Baghdad, Asharq Al-Awsat – Sources in Iraq’s Border Security force confirmed that four armed clashes have taken place along the border between Iranian and Iraqi security personnel after the Iraqis sent Ministry of Oil staff to inspect the joint Iranian-Iraqi oil wells.
However, the Iraqi Ministry of Oil denied that any clashes had taken place, and confirmed that the Iraqis have utilized a number of the joint Iraqi-Iranian oil fields for months without any problems arising between the two countries.
The report issued by the Iraqi Oil Ministry confirmed that one of the reasons for the decrease in Iraqi oil production is that the oil fields along the border with Iran are not being utilized by Iraq, and instead these oil fields are being used by neighbouring countries. This report – a copy of which was obtained by Asharq Al-Awsat – revealed that Iraq has three oil fields on the border with Iran that are in a state of advanced production, seven oil fields that have been drilled, and eleven oil fields which have been discovered by seismic surveying but are yet to be drilled.
The report also revealed that the previous policy of conflict with the neighbouring countries had a negative impact on oil production in Iraq, and that the neighbouring countries have done everything that they can to invest in oil production, intensifying their activities regarding exploration, drilling, and oil production particularly in the operational oil fields in the south, such as the Ratqah, Safwan, Abu Gharb, and Al Fakkah oil fields. Kuwait has also developed a new oil field in Ratqa. Iranians fired upon and arrested [Iraqi] Maysan Oil Company staff that were carrying out maintenance operations in the areas of Al Fakkah, Bazargan, and on other joint oil fields.
A source from the border patrol revealed that the border police along with the security force of the Iraqi oil installations clashed with Iranian forces after the Iranians took control of an oil field on the outskirts of Basra; this is the fourth oil field to be claimed by the Iranians.
Ali Hussein Balou, the chairman of the Iraqi Parliamentary Oil and Gas Committee, informed Asharq Al-Awsat that border clashes between Iran and Iraq have taken place over the past six years over the joint oil fields. Balou said that these clashes included the Iranians firing on Iraqi Ministry of Oil staff and members of the Iraqi Border Patrol. Balou also pointed out that Iraqi Ministry of Oil, Hussein Shahristani, had justified these clashes before parliament by saying that the borders between the two countries had not been formalized, saying that this was the reason that Iranian forces were able to transgress onto Iraqi soil and prevent Iraqi Ministry of Oil staff from performing their duties.
Balou called for the formalization of the Iraqi-Iranian border, and also called for the Oil Ministry to prioritize the joint oil fields and open discussions with the Iran and Kuwait in order to determine the rights of all parties involved. However, according to Balou, the Oil Ministry has failed in this regard.

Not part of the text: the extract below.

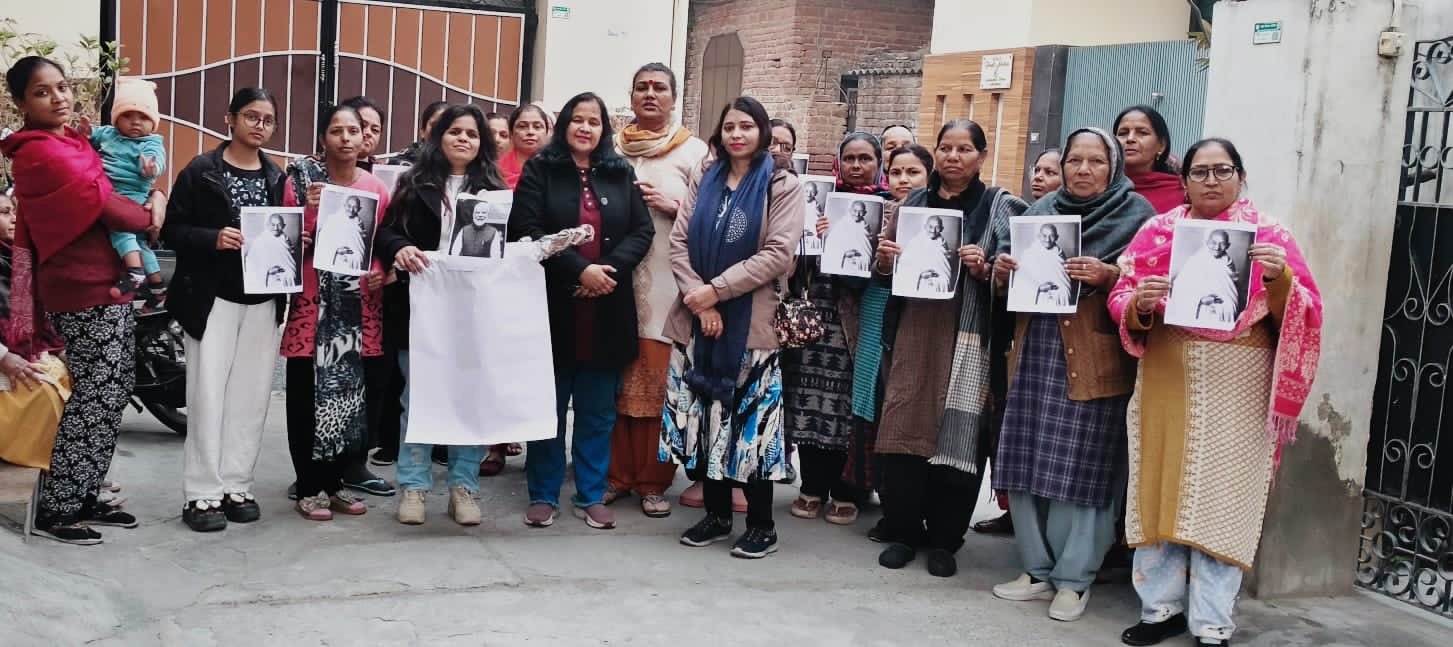 ਮਨਰੇਗਾ ਸਕੀਮ ਤਹਿਤ ਫੰਡ ਕਟੌਤੀ ਦੇ ਵਿਰੁੱਧ ਜ਼ਿਲਾ ਮਹਿਲਾ ਕਾਂਗਰਸ ਜਲੰਧਰ ਸ਼ਹਿਰੀ ਵੱਲੋਂ ਪੰਜਾਬ ਸਰਕਾਰ ਖ਼ਿਲਾਫ਼ ਪੁਤਲਾ ਫੂਕਿਆ ਪ੍ਰਦਰਸ਼ਨ ਕੀਤਾ ਗਿਆ ।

For his part, Iraqi Oil Ministry spokesman Isam Jihad denied the existence of any border problems with Iran with regards to the joint oil fields. Jihad also confirmed to Asharq Al-Awsat that the statements made by the border patrol and the members of parliament are “incorrect.” He said, “I personally made inquiries to the Director of the Maysan Oil Company on the existence of such [border] conflict and he denied this. Even if problems arose between the border forces, these are actions taken by individuals and have nothing to do with the [oil] wells.”